DATASET RECORDS:
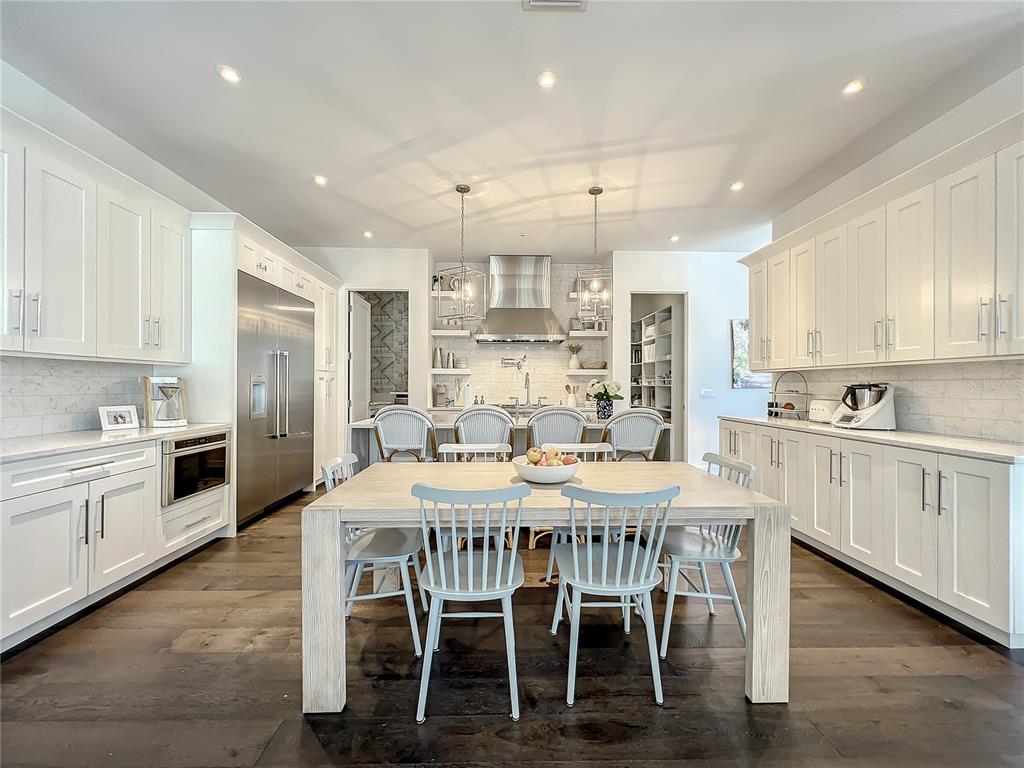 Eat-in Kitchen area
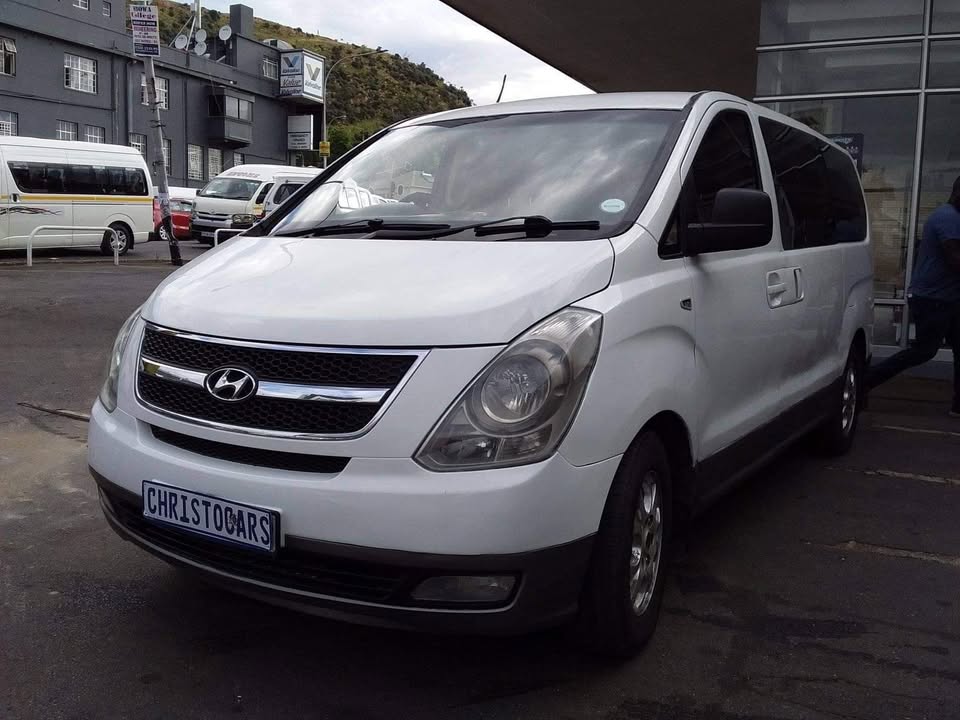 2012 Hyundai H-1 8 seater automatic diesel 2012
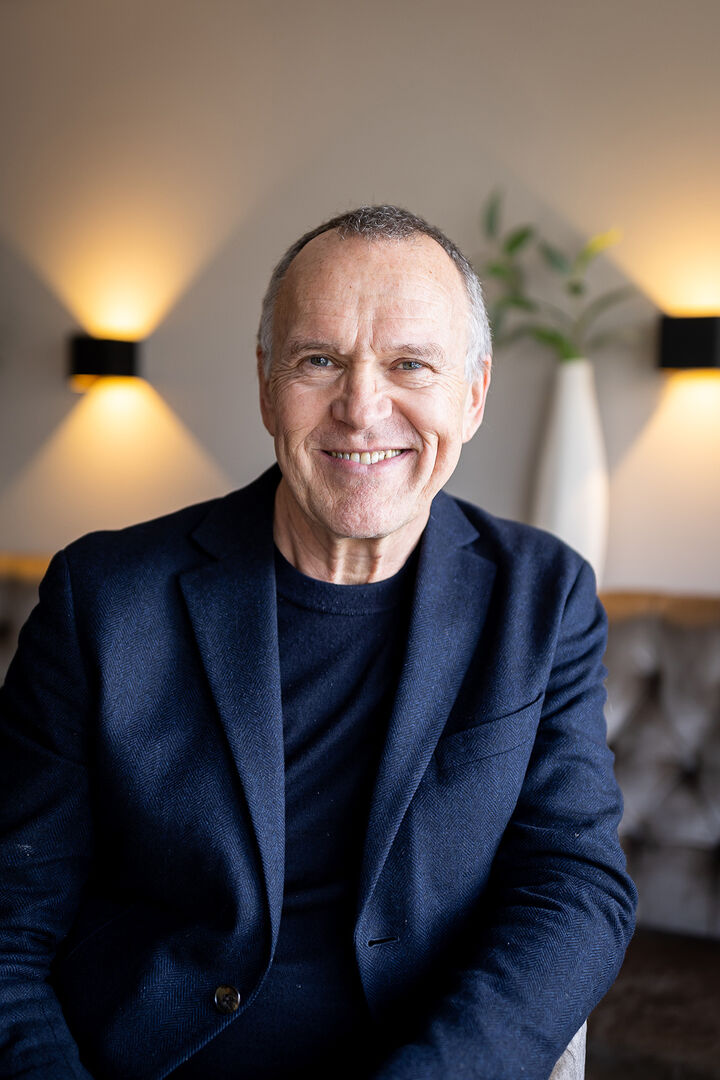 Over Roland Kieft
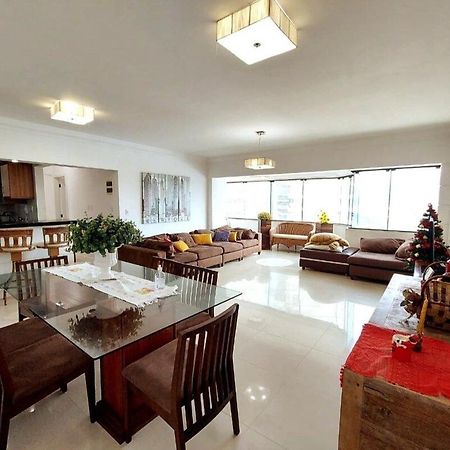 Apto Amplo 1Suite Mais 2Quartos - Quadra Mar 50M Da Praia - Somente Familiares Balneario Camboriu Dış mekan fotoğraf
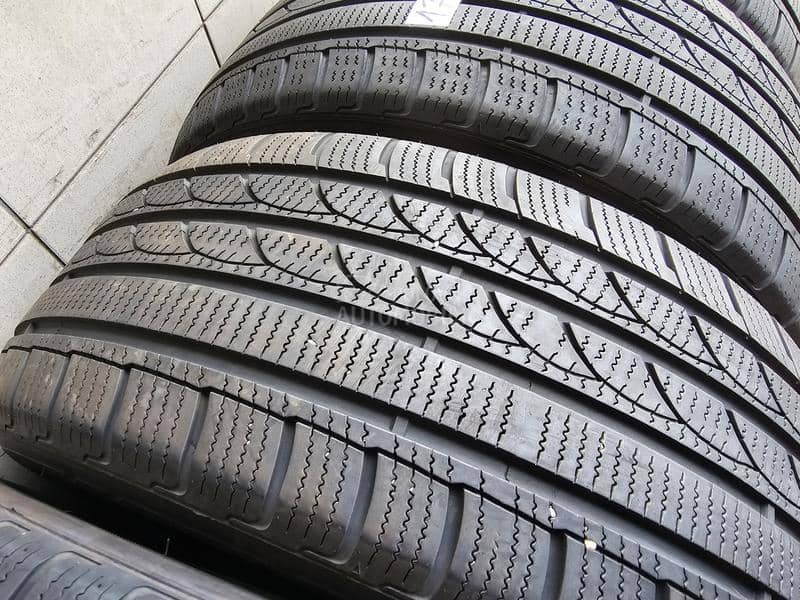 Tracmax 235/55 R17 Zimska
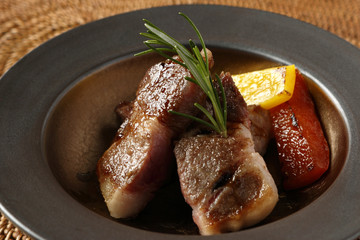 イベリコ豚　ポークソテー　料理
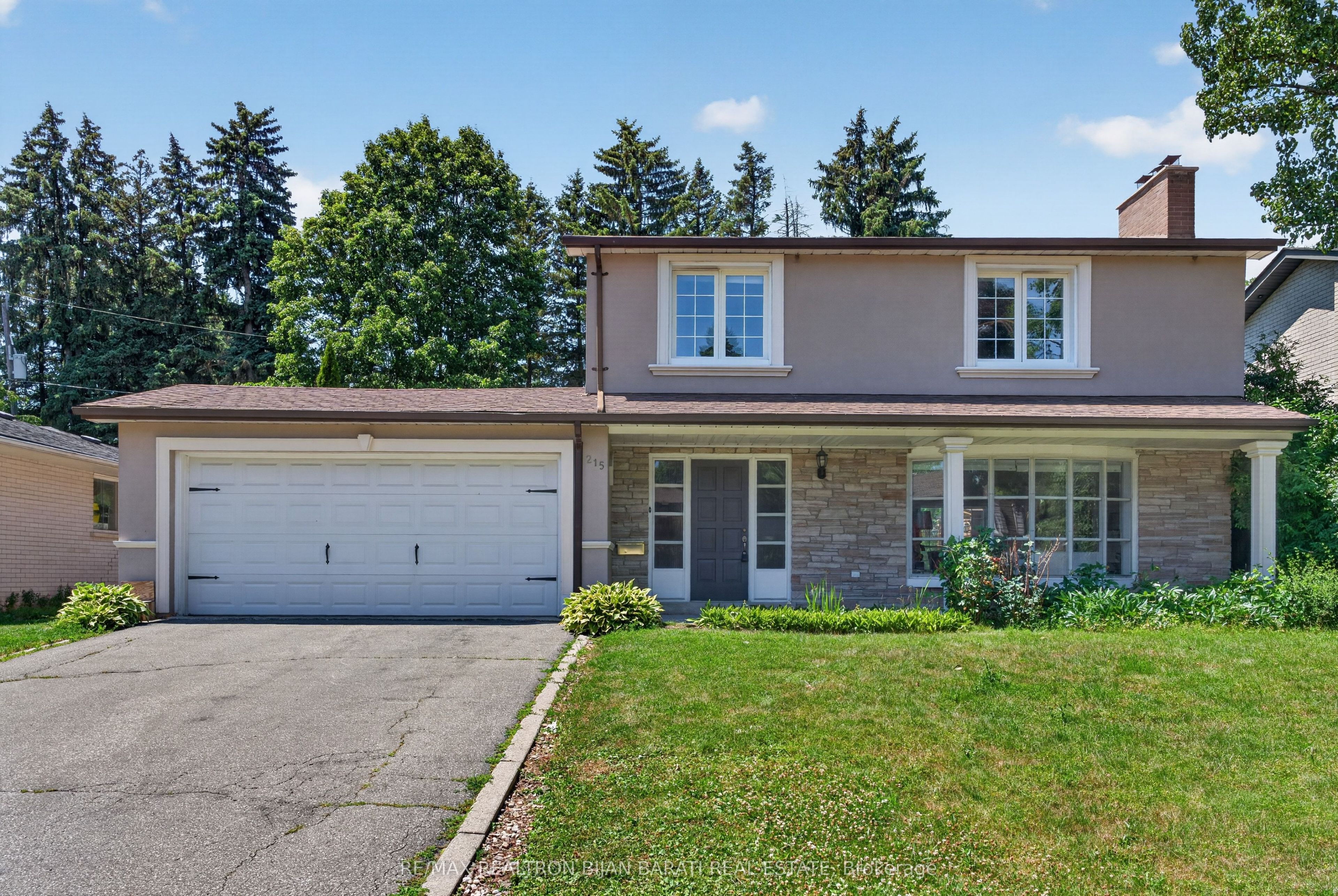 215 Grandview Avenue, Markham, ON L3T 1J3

---

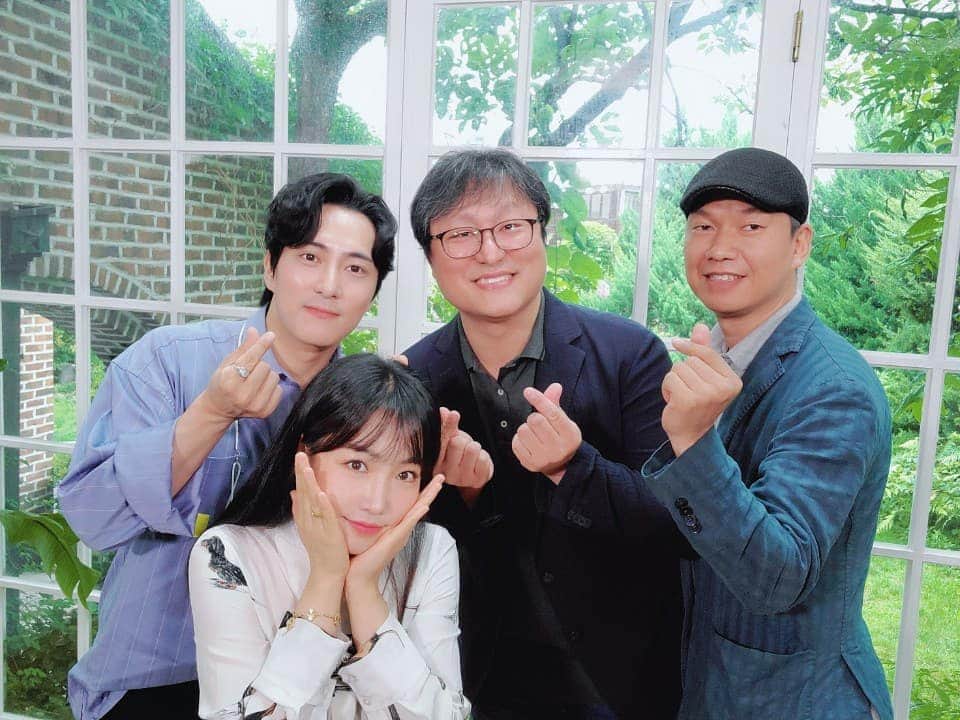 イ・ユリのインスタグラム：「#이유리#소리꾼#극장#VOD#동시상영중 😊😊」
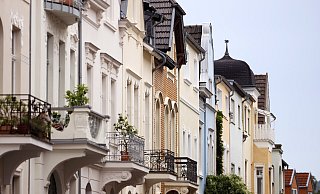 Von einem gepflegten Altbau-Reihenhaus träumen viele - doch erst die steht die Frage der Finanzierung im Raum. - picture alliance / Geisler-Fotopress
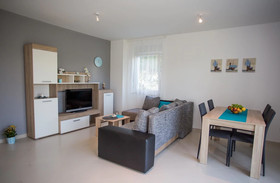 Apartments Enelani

ACTION ITEM: Go to the line above holding "2012 Hyundai H-1", then copy exactly each line down to and including the one holding "215 Grandview Avenue, Markham, ON L3T 1J3", leaving pictures out.

EXERCISE RESPONSE:
 2012 Hyundai H-1 8 seater automatic diesel 2012
 Over Roland Kieft
 Apto Amplo 1Suite Mais 2Quartos - Quadra Mar 50M Da Praia - Somente Familiares Balneario Camboriu Dış mekan fotoğraf
 Tracmax 235/55 R17 Zimska
 イベリコ豚　ポークソテー　料理
 215 Grandview Avenue, Markham, ON L3T 1J3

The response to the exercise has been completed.